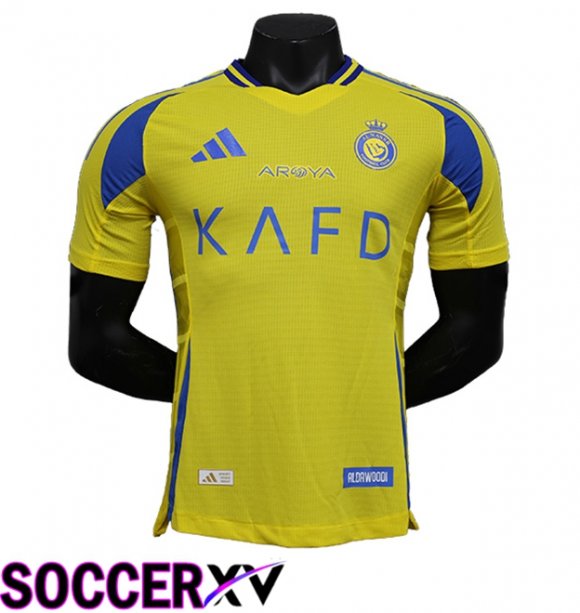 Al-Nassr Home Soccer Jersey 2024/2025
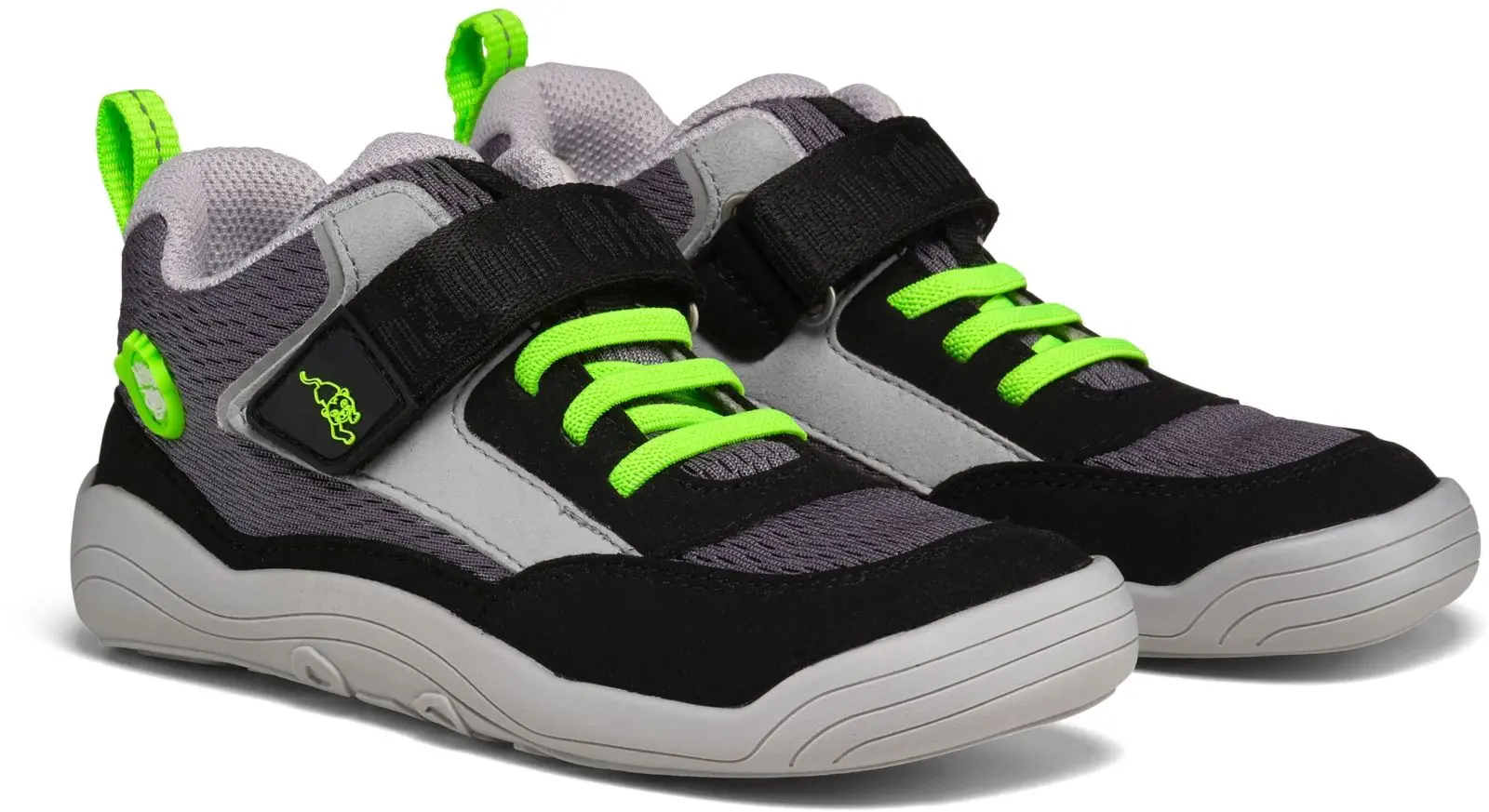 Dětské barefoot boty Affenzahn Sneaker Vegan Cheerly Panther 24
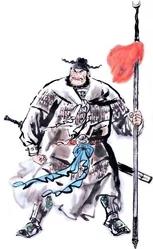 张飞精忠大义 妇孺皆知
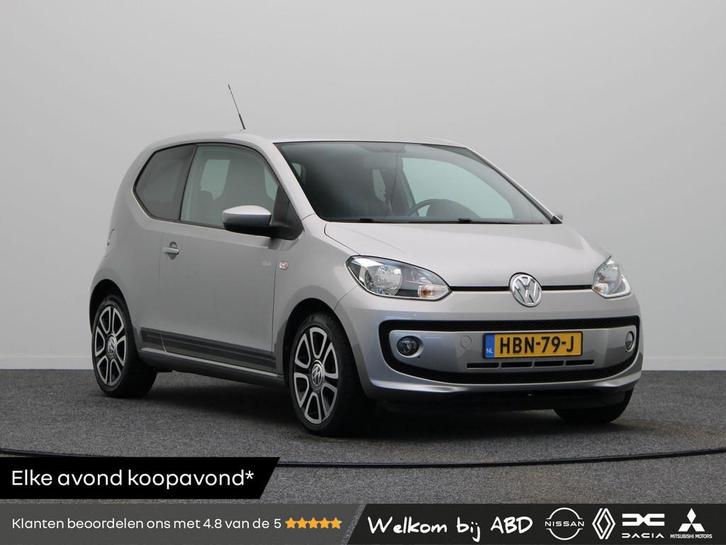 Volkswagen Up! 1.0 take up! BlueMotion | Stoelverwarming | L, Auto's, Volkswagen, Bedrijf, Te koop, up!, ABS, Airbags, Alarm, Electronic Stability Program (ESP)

────────

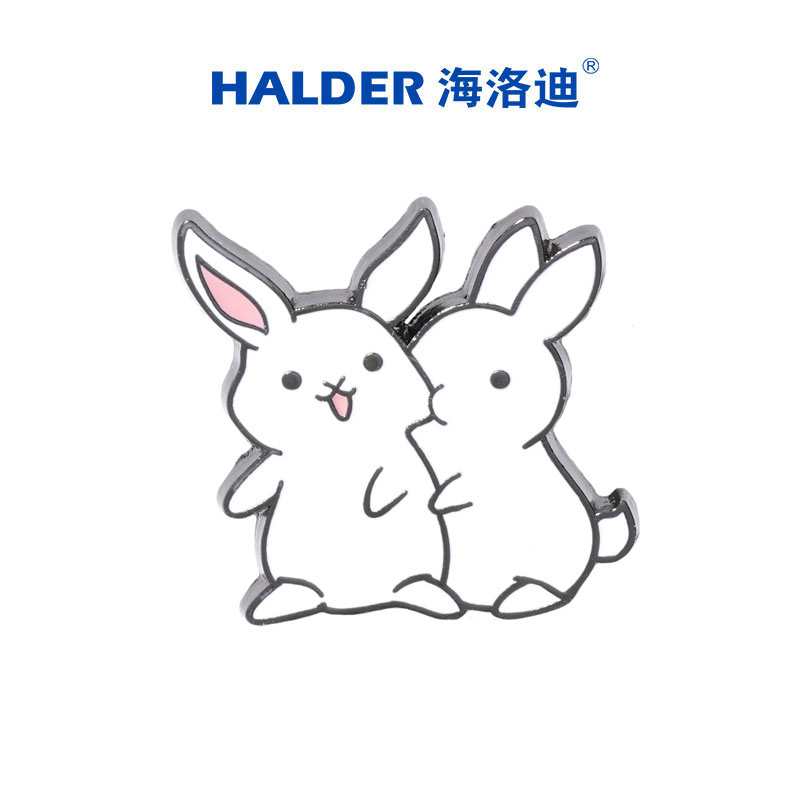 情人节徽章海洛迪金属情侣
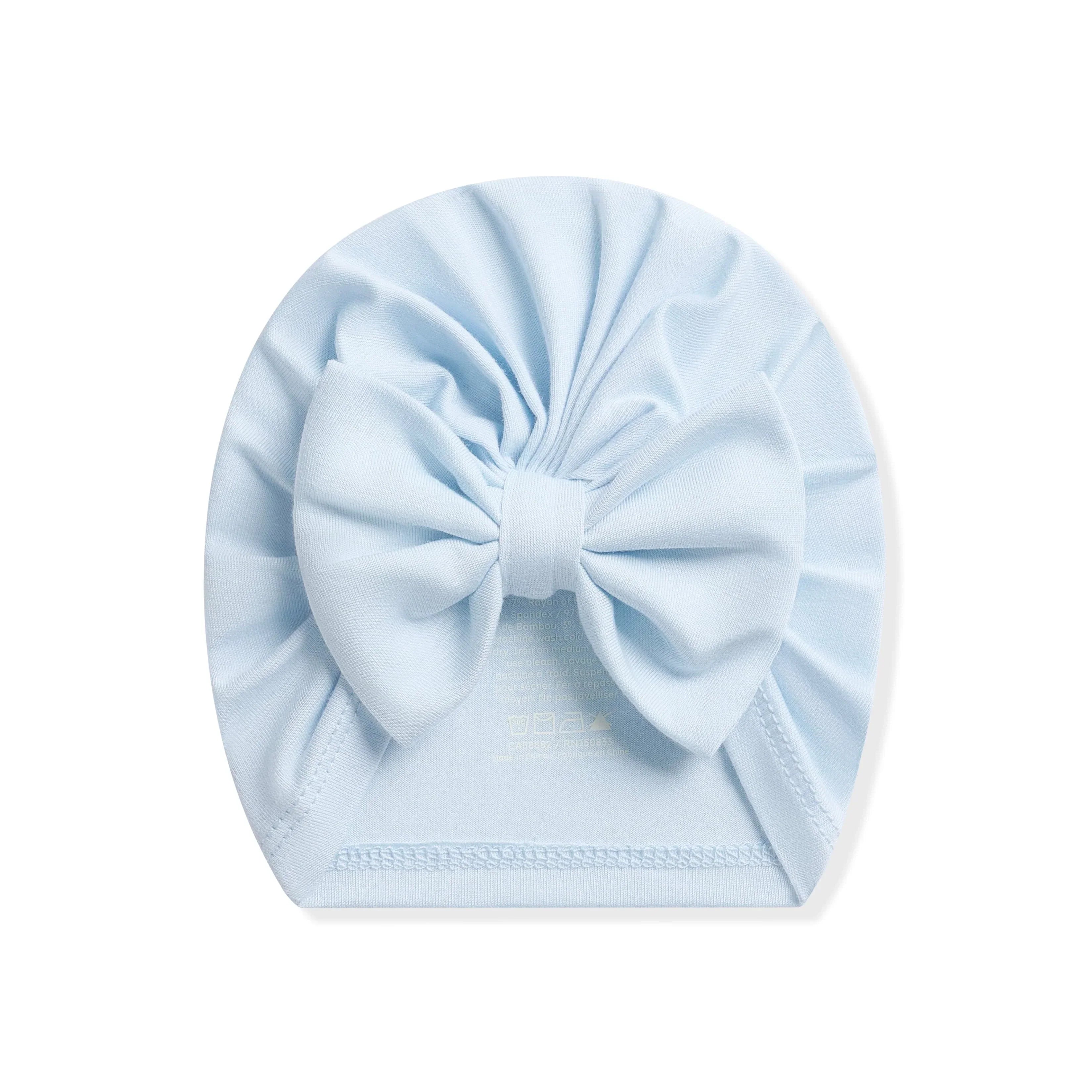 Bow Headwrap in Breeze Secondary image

────────

▶ [WHAT IS EXPECTED]:
From the records above, copy only the lines running from the line holding "Al-Nassr Home Soccer Jersey 2024/2025" through the line holding "Volkswagen Up! 1.0", with no pictures.

▶ [SOLVED EXERCISE]:
 Al-Nassr Home Soccer Jersey 2024/2025
 Dětské barefoot boty Affenzahn Sneaker Vegan Cheerly Panther 24
 张飞精忠大义 妇孺皆知
 Volkswagen Up! 1.0 take up! BlueMotion | Stoelverwarming | L, Auto's, Volkswagen, Bedrijf, Te koop, up!, ABS, Airbags, Alarm, Electronic Stability Program (ESP)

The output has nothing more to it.